Curtiss and Karen had walked ahead, engaged in lively conversation, and discovered that they live in the same building.
Eastern Chipmunk (Tamias striatus) is far more common, bold and sassy, ever willing to mooch a little food from its human friends.
It is undeniable that it fits any definition of "cute" you care to evoke, and it is a great favourite with all who walk along the Mill Race Trail.
It was Curtiss yesterday who was keen to draw our attention to trees and their various shapes, sizes and contorted configurations. Today it was Mary Ann who was quick to point them out.
The bank seems to be getting undercut here, and this specimen seems to be in serious danger of being toppled by a strong wind.
I suspect that the resident population was being joined by a migratory component, which seems to be particularly strong this year.
The old trestle bridge is not used as much as it was in former times when the grist mill in St. Jacobs was operating, but from time to time a train trundles over it.
On this series of walks Red-bellied Woodpecker has been particularly hard to photograph and today that streak was maintained.
American Robins (Turdus migratorius) were very common, feeding on an abundance of berries. In times past every one of them would have been preparing for migration, but in recent years many have remained with us throughout the winter.

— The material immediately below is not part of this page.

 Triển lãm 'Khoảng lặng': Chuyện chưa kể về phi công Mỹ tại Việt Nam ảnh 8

Miriam and I cannot adequately express our feelings of enormous pleasure to have Betty join us. She elevated the walk to a whole other level. And it makes me even more anxious to get this darned pandemic over and done with, so that Betty can once again come and have lunch with us.
Bur Oaks (Quercus macrocarpa) have either shed their leaves or are about to do so as they enter winter dormancy.

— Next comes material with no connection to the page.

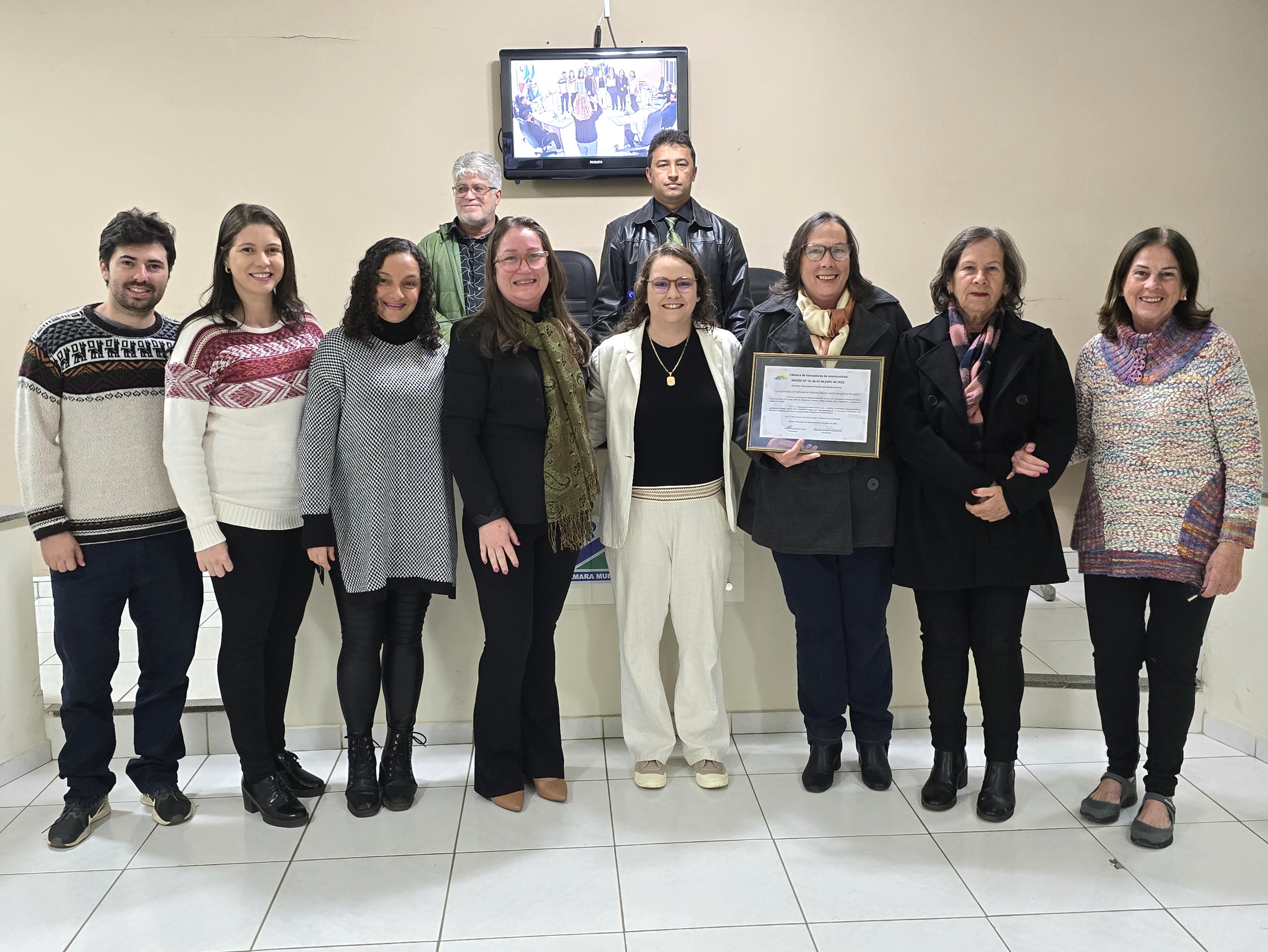Câmara faz homenagem à professora Helena Sanglard por sua trajetória na educação municipal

Whatever the time of year, Common Dogwood (Cornus florida) is a beautiful addition to any sylvan scene.
It was quiet on the trail, and the birds were either well-hidden or not present, and we made several stops to spend time with the chickadees. Miriam refers to the following as "the Mill Race Pose!"

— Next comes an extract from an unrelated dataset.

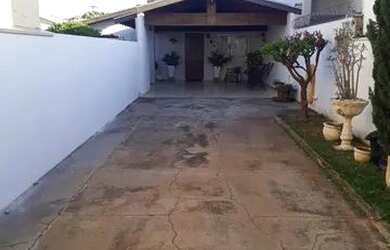 Imagem: A casae possui 4 Dormitórios, 2 Banheiros, 5 Vagas na garagem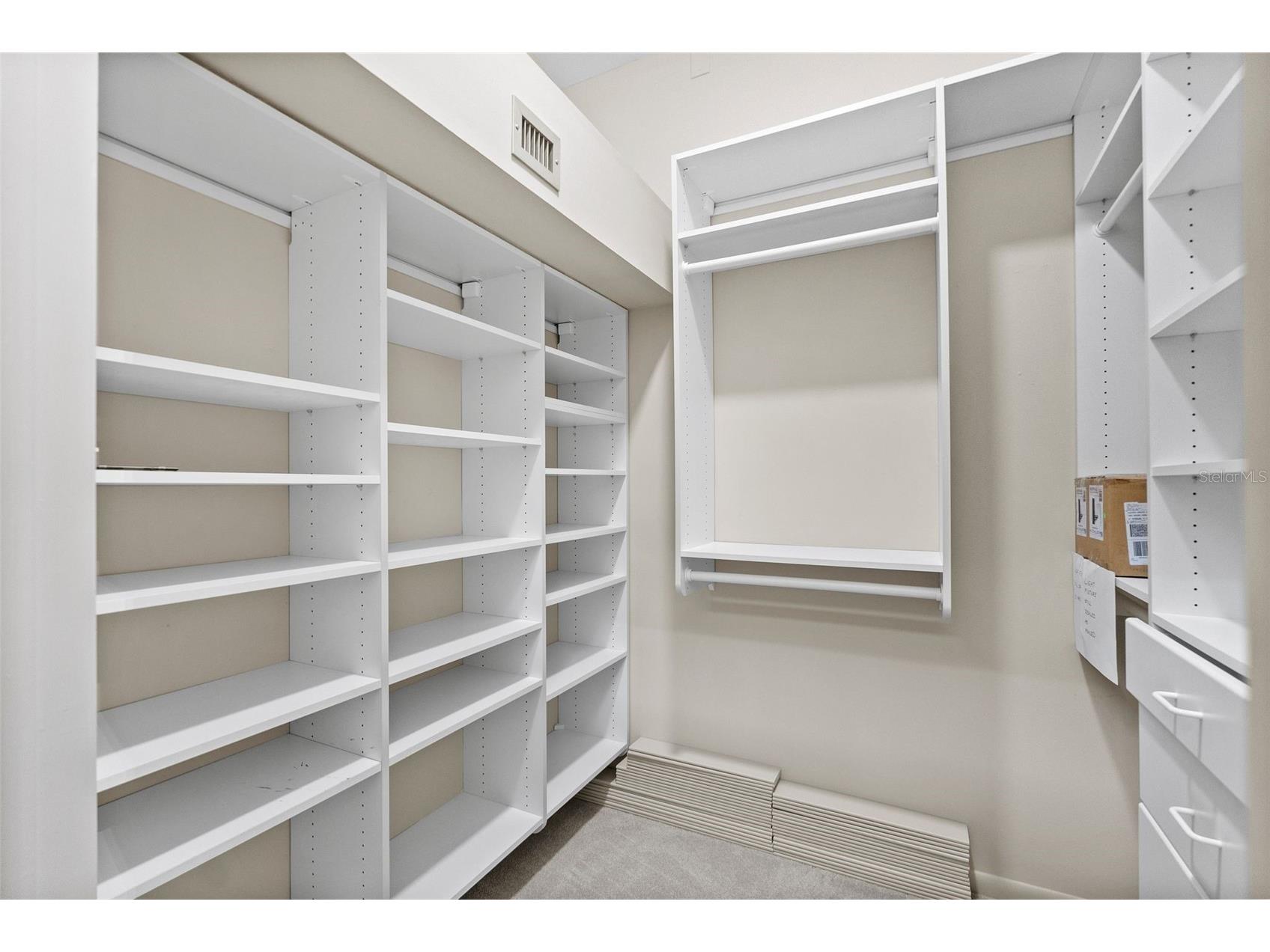 301 2nd Street N #13 Saint Petersburg FL 33701 TB8378623 image14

Numerous Dark-eyed Juncos scrabbled through the leaf litter, turning up seeds and other tasty morsels, delighting everyone with their characteristic white tail flash as they shot up from the ground at the slightest disturbance.
If I am not mistaken this is the nest of a Paper Wasp (Polistes spp.), but if anyone thinks it is that of a Hornet (Vespula spp.) please let me know.
I think that Selwyn was emitting a special pheromone today, for not only did he attract many chickadees to his hand, a White-breasted Nuthatch spent serious time with him.
Cedar Waxwings (Bombycilla cedrorum) were feasting on the same berries as the robins, and it looks as though there is an ample crop to see them through the winter.
It was not a walk filled with many bird species but a grand experience nonetheless. It was great to be together, and for Linda and Alan their first outing with Waterloo Region Nature. I hope there will be many more.
A Belted Kingfisher (Megaceryle alcyon) rattled down the river, but declined to perch anywhere visible, and a Mennonite couple went about their daily business.
As you have already gathered everyone comes prepared to feed the chickadees and our group demonstrated its proficiency in assuming the Mill Race pose!
You will recall the discussion above about the red patch of colour on the heads of male Hairy and Downy Woodpeckers, and having captured the continuous band on the Downy Woodpecker, Miriam was able to illustrate the broken band on a Hairy Woodpecker.
We have paid scant attention to squirrels in these daily accounts, but no walk was without the companionship of Grey Squirrels (Sciurus carolinensis), mainly in their black form found only in the northern part of their range. It is presumed that this colour morph confers some unknown northern adaptation.
Reflection in the water is always interesting, and so close to Halloween, this gnarled and spindly stump seemed to fit the mood.
Wild Teasels (Dipsacus fullonum) have become sentinels in the fields and meadows, and will poke their heads into the wind as the snows of winter descend on us.